We could compare this to a quasibinomial model. With overdispersion paramater $\widehat{\phi} = 6.858$, we now have profile likelihood-based intervals:

\[
\begin{alignedat}{2}
  &\textrm{(ref:CI) } p/(1-p) &&= (0.673, 2.594) \\
  &\textrm{(ref:CI) } p       &&= (0.402, 0.722)
\end{alignedat}
\]

**Thought Questions**

> 4. Describe how the quasibinomial analysis of Scenario 1b differs from the binomial analysis of the same simulated data.  Refer to Table \@ref(tab:simulationTableCh7) when answering this question; you will need to run the R code in the R markdown file for this chapter to completely fill out the table.  Do confidence intervals contain the true model parameters? 

> 5. Why are differences between quasibinomial and binomial models of Scenario 1a less noticeable than the differences in Scenario 1b?


## Scenario 2: Dose effect
In Scenario 1, each dam's probability of producing a deformed pup was independent of their dosage of the teratogen.

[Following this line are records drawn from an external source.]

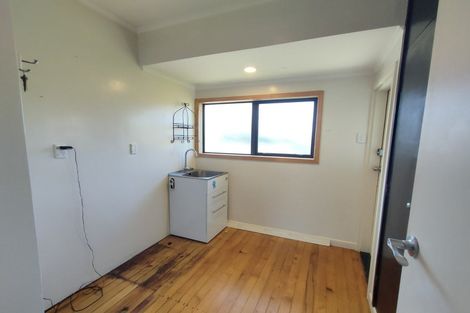 Photo of property in 48d Awaruku Road, Torbay, Auckland, 0630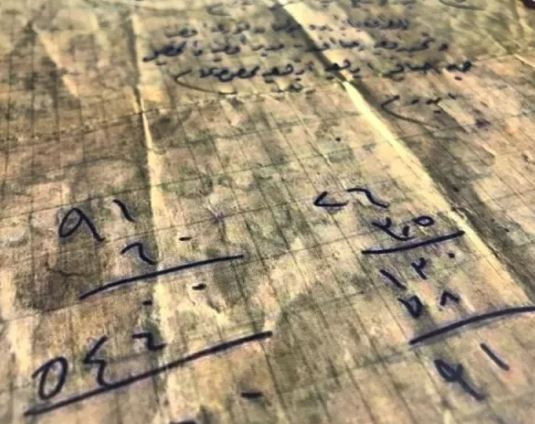 KARŞIMIZDA CANLI BİR ŞEKİLDE DURUYOR DA SELAM EDİYORMUŞ GİBİ YAZMIŞ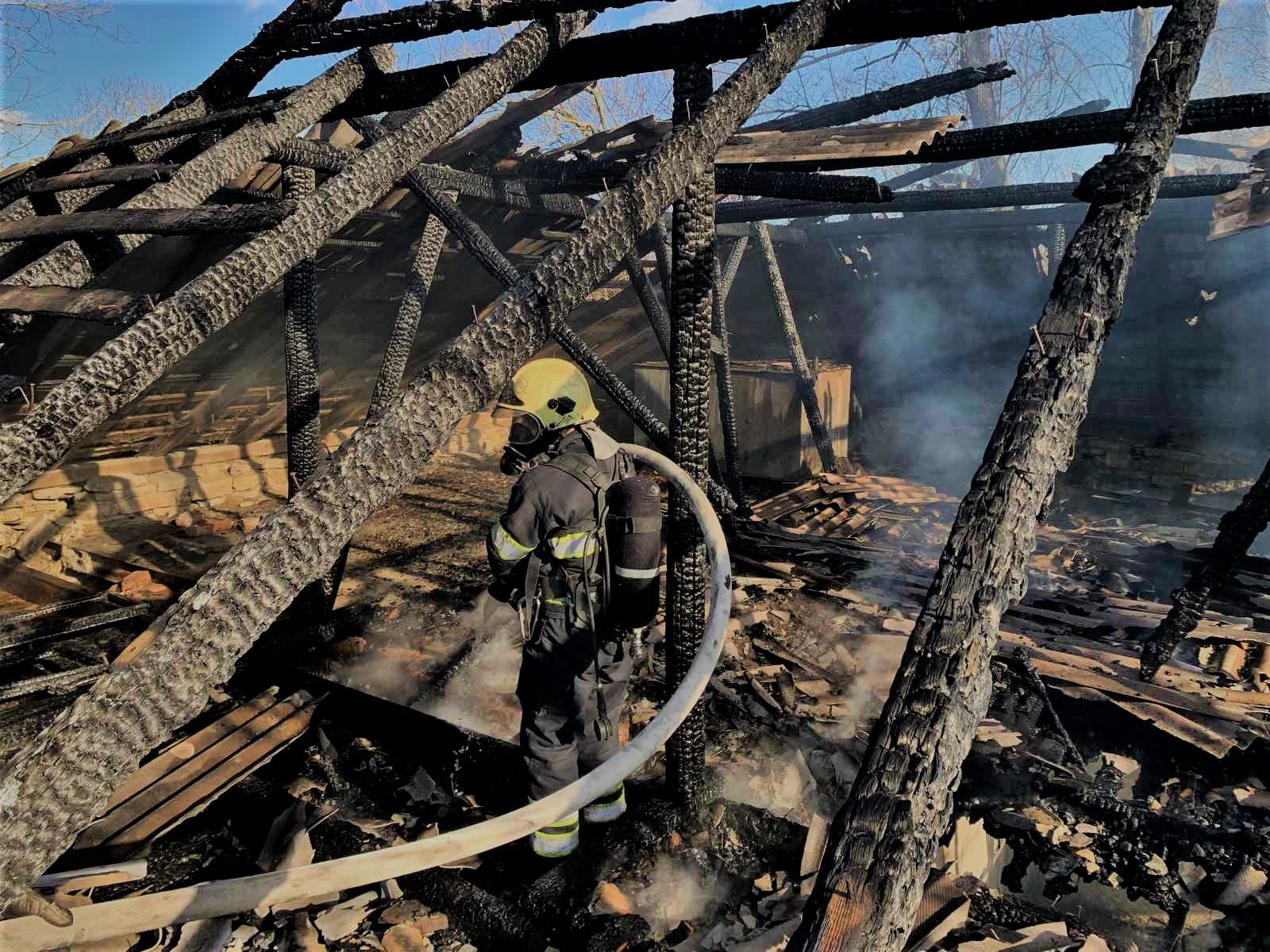 Новини Хмельницького - фото з У лазні на Хмельниччині сталася пожежа. Фото Возможно, это изображение (1 человек и на открытом воздухе)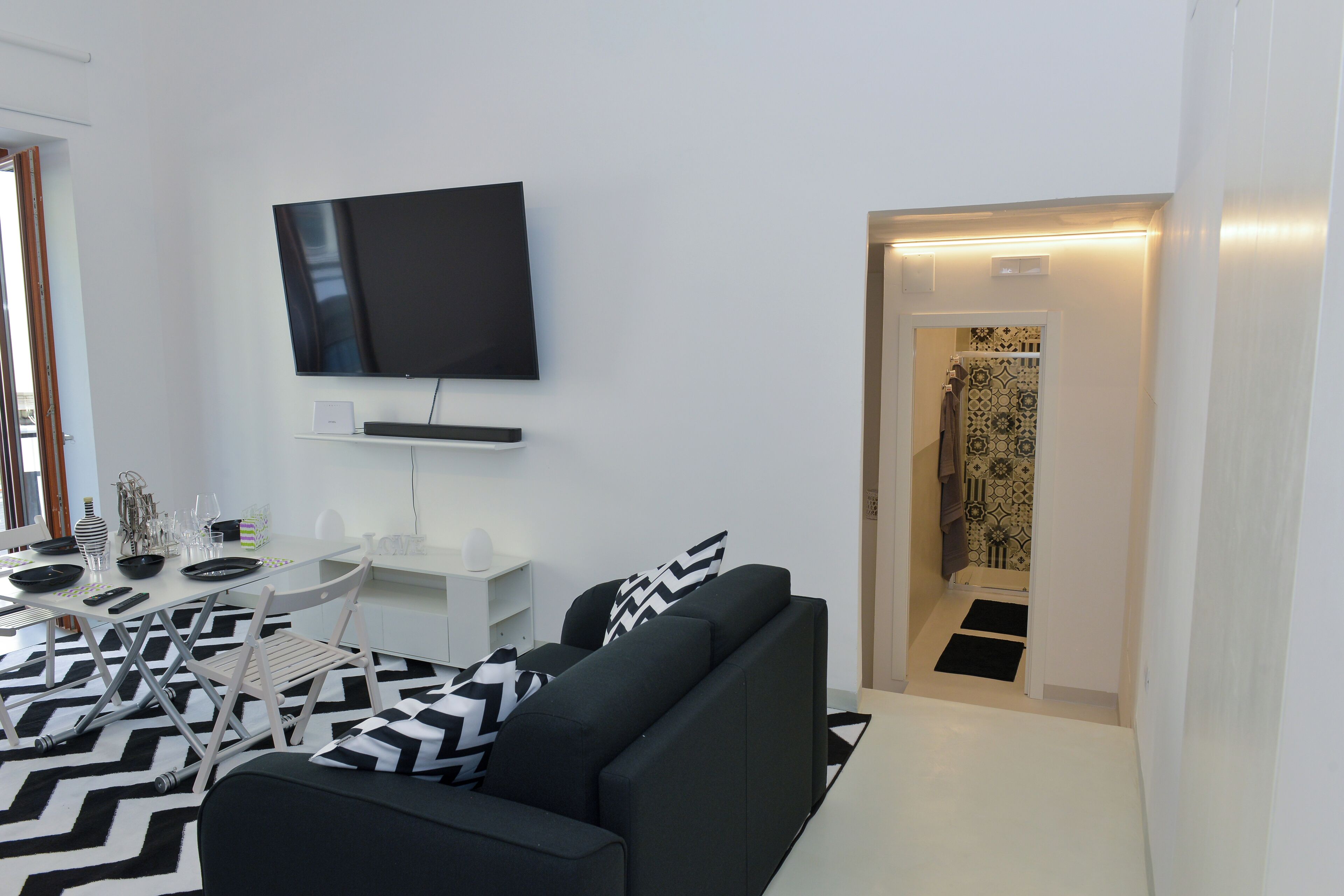City Apartment | Bathroom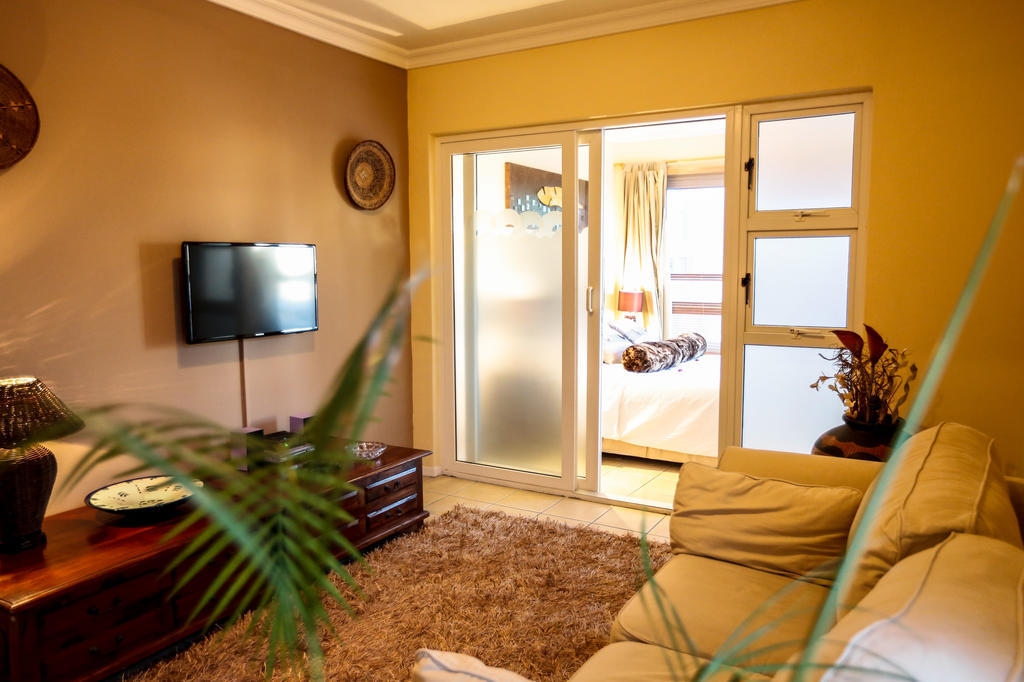 Secret Garden Guesthouse Bloubergstrand Kamer foto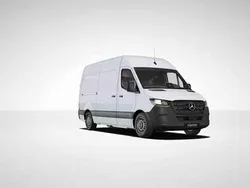 Vit Ny 2025 Mercedes E-Sprinter Van | 795 000 kr (Marknadspris)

In Scenario 2 we allow for a dose effect. To recall, in this hypothetical experiment we have 24 total dams evenly split into 4 groups recieving either no dose (coded as `dose = 0` mg), a low dose (`dose = 1`), a medium dose (`dose = 2`), or a high dose (`dose = 3`) of the teratogen.

We will suppose that true probability that a dam's pup has a deformity is related to the dose the dam received through this model:
\[ \log \bigg(\frac{p}{1-p} \bigg) = -2 + 1.33\; (\textrm{dose}) \]
That is, we assume that the log odds of a deformity is linearly related to dose through the equation above, and the odds of a deformity are 3.79 times greater ($e^{1.33}$) for each 1mg increase in dose.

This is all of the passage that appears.